Let’s talk about the elephant in the room. Arguably the hardest part of getting your PhD. If you haven’t done it yet, you probably have stress dreams about it, and if you’ve already cleared this hurdle, your palms might sweat at the memory. The oral comprehensive examination (AKA comps, quals, prelims, generals; this beast has many names) is an exam taken by most PhD students in the US and Canada to assess their readiness to complete a dissertation in their field. The timing, format, and standards of these exams vary widely among programs and universities, but they are a universally important step in the academic trajectory. This makes them intimidating, but remember, you got yourself into a PhD program! A panel of experts in your field reviewed your credentials and agreed you are capable of this challenge when they admitted you to your program. There’s no reason to be scared. So, get reading and keep thinking, and you’re going to do a great job on your comps. Who knows, maybe you’ll even find the process of immersing yourself in the topic you’ve dedicated your career to enjoyable! Below is a list of tips, techniques, and resources to help you organize your studying and maximize your learning.

Tangible Tips:

Below, find a roundup of my tips detailing how to organize your study regimen to prepare for your oral exams, followed by some advice for your performance during the test. I’ve linked other web pages with suggested tips at the bottom of the article in case you want to read further.


Before the exam

  • Learn the format, protocols, guidelines, etc. of comprehensive exams in your program. Go to your PI, your graduate advisor, or your graduate program handbook to find out what the requirements are so there are no surprises the day of and you’re adequately prepared. In some programs questions about your dissertation proposal or methods may be fair game, while in others these may not be discussed. Knowing what topics to prepare for will help lay down the basis of your research plan.

  • Talk to your PI and ask what study topics they suggest for you. They likely already know you well enough to see where your strengths lie and what the gaps in your knowledge may be.

  • Set aside lots of time, way more time than you think you need, and block it out to set deadlines for certain study goals to keep you on track. When you factor in all your other obligations, such as teaching, coursework, research, etc. you may find you don’t have as much time to dedicate as you’d hoped, so be generous. Leaving a buffer of a few days, in the end, can give you a safety net if you fall behind or a breather and time for review if you stay on schedule.

  • Stay focused when you’re studying. We all have lots of distractions these days, and you’ll use your time better if you’re dedicating all your attention to studying. If you struggle with focus, try a quick guided meditation, such as Deepak Chopra’s go-to 3-minute meditation to stay focused, or put white noise over your headphones (try this Spotify playlist). The pomodoro technique of alternating working and resting for set timed periods is a popular method for staying on task. Silence your phone and leave it in another room.
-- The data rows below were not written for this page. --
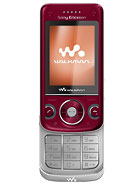 Best available price of Sony Ericsson W760 in Guatemala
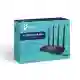 Router Tp-link Archer C80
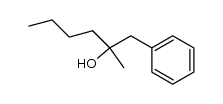 106472-39-3 structure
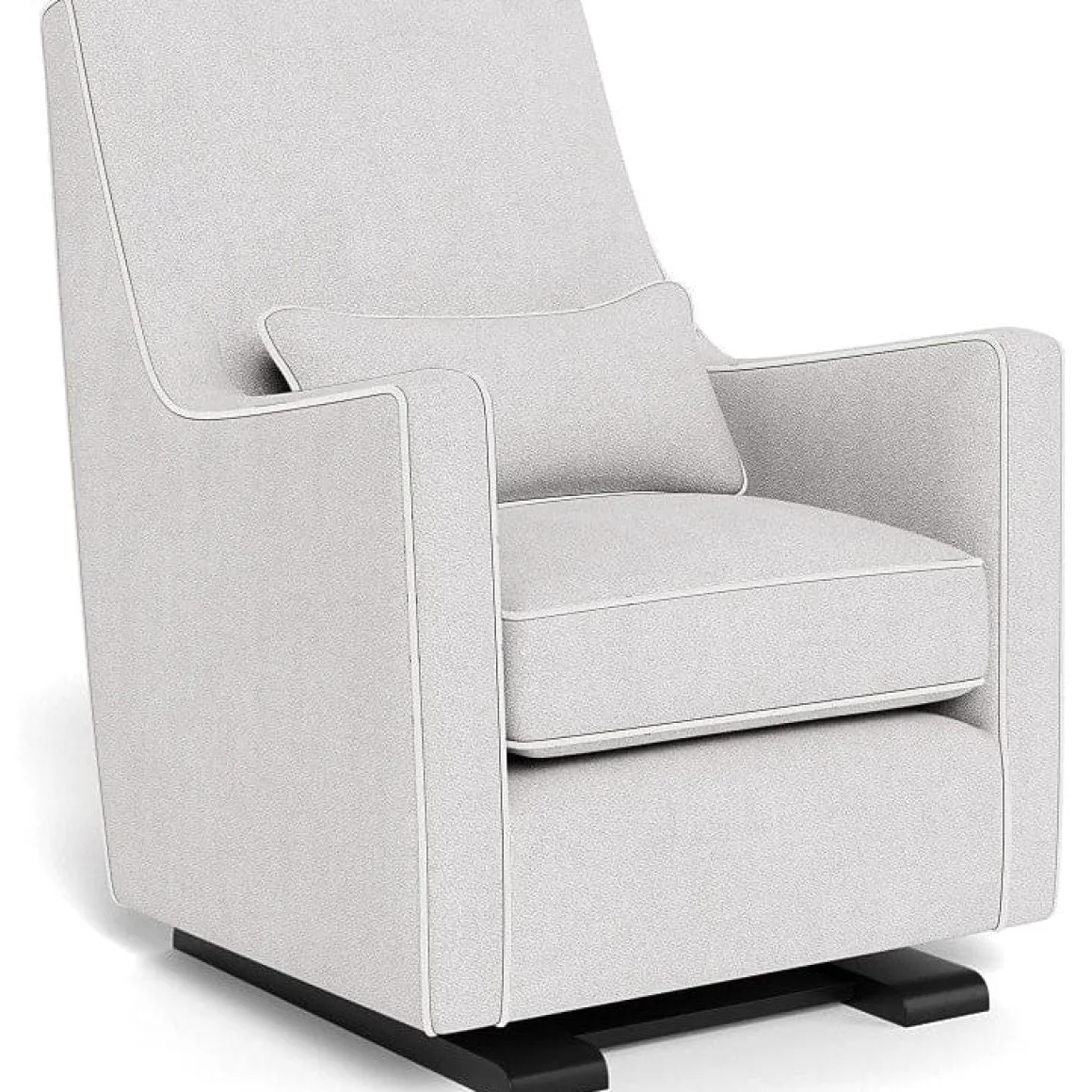 Monte Design Luca Glider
  • READ! Read read read read read!! Your committee probably assigned you a bunch of readings, but if they didn’t, email all your committee members for suggestions. When you’ve finished those, keep reading. Read early foundational papers, read breaking-news hot-off-the-press research. Your committee wants to see that you read what they assigned, but you also want to show them you have done more digging on your own by referencing work outside the explicitly assigned materials.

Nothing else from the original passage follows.